W I T N E S S E T H:
WHEREAS, pursuant to that certain Amended and Restated Credit Agreement dated as of May 23, 2003 by and among General Electric Capital Corporation, a Delaware corporation, individually as a Lender and as Agent for the Lenders, the other Lenders party thereto, Borrowers and the other Credit Parties signatory from time to time thereto (as amended or otherwise modified from time to time, the "Credit Agreement"; capitalized terms used herein and not otherwise defined herein shall have the meaning ascribed to such terms in the Credit Agreement), Agent and Lenders agreed, subject to the terms and provisions thereof, to provide certain loans and other financial accommodations to Borrowers; and
WHEREAS, Borrowers have requested that Agent and Lenders agree to amend the Credit Agreement in certain respects, as set forth below.
NOW, THEREFORE, in consideration of the premises and other good and valuable consideration, the receipt and sufficiency of which are hereby acknowledged, the parties hereto agree as follows:
1. Amendments to Credit Agreement. Subject to the satisfaction of the conditions precedent set forth in Section 2 of this Amendment, and in reliance on the representations and warranties set forth in Section 4 of this Amendment, the Credit Agreement is hereby amended as follows:
(a) Section 4.4 of the Credit Agreement is hereby amended and restated in its entirety as follows:
"(a) Holdings, Borrowers and their Subsidiaries on a consolidated basis shall have, as of the last day of each Fiscal Quarter set forth below (commencing with the Fiscal Quarter ending on June 30, 2004), from the date hereof until the Termination Date, a Fixed Charge Coverage Ratio of not less than the following:
1.15 to 1.00 for each Fiscal Quarter from the Fiscal Quarter ending June 30, 2004 through and including the Fiscal Quarter ending December 31, 2004;
1.05 to 1.00 for the Fiscal Quarter ending December 31, 2005; and
1.15 to 1.00 for each Fiscal Quarter ending thereafter.
(b) European Borrower and its Subsidiaries on a consolidated basis shall have, as of the last day of each Fiscal Quarter set forth below, a Fixed Charge Coverage Ratio (which ratio shall be calculated (x) in Euros and (y) solely with respect to European Borrower and its Subsidiaries notwithstanding references to Holdings and its Subsidiaries in Exhibit 4.8(n)) of not less than the following:
1.25 to 1.00 for the Fiscal Quarter ending March 31, 2005;
1.25 to 1.00 for the Fiscal Quarter ending June 30, 2005; and
1.25 to 1.00 for the Fiscal Quarter ending September 30, 2005."

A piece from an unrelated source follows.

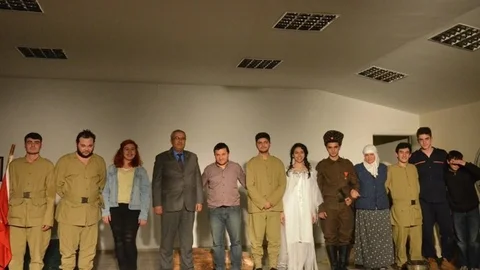 Çameli'de Çanakkale Zaferi Tiyatroyla Anlatıldı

(b) Section 4.7 of the Credit Agreement is hereby amended and restated in its entirety as follows:
"Holdings, Borrowers and their Subsidiaries on a consolidated basis shall have, as of the last day of each Fiscal Quarter set forth below, from the date hereof until the Termination Date, a Senior Secured Leverage Ratio for the 12-month period then ended of not more than the following:
1.25 to 1.00 for each Fiscal Quarter from the date hereof through and including the Fiscal Quarter ending December 31, 2004;
1.75 to 1.00 for the Fiscal Quarter ending March 31, 2005;
1.75 to 1.00 for the Fiscal Quarter ending June 30, 2005;
1.50 to 1.00 for the Fiscal Quarter ending September 30, 2005; and
1.25 to 1.00 for each Fiscal Quarter ending thereafter."

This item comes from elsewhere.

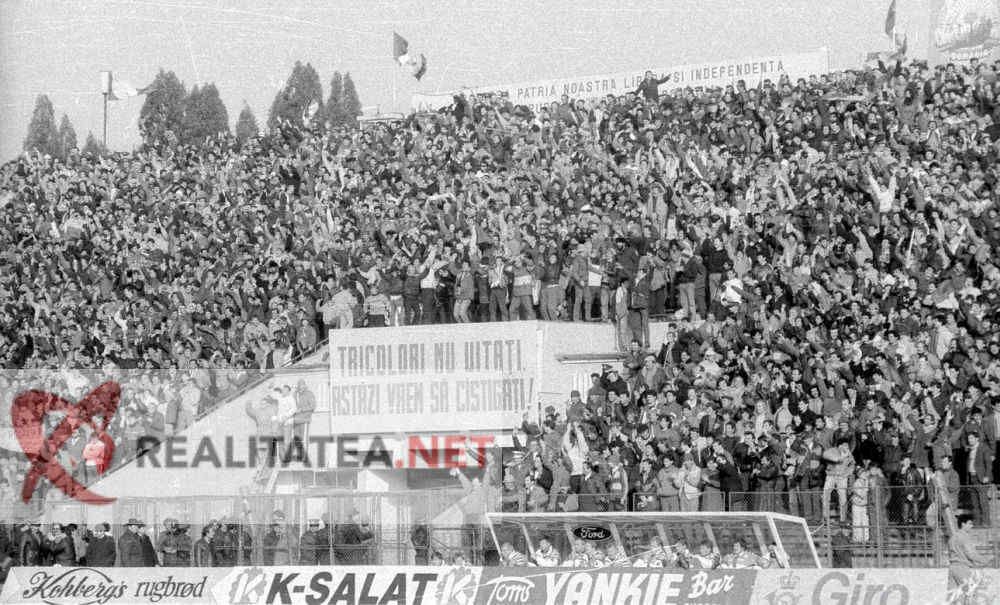 Imagini nemaivăzute de la meciul România - Danemarca 1989, apărute după 30 de ani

2. Conditions Precedent. The effectiveness of this Amendment is subject to the satisfaction of the following conditions precedent:
(a) Agent shall have received this Amendment executed by Credit Parties and Lenders;
(b) All proceedings taken in connection with the transactions contemplated by this Amendment and all documents, instruments and other legal matters incident thereto shall be satisfactory to Agent, Lenders and their respective legal counsel; and
(c) No Default or Event of Default shall have occurred and be continuing, both before and after giving effect to the provisions of this Amendment.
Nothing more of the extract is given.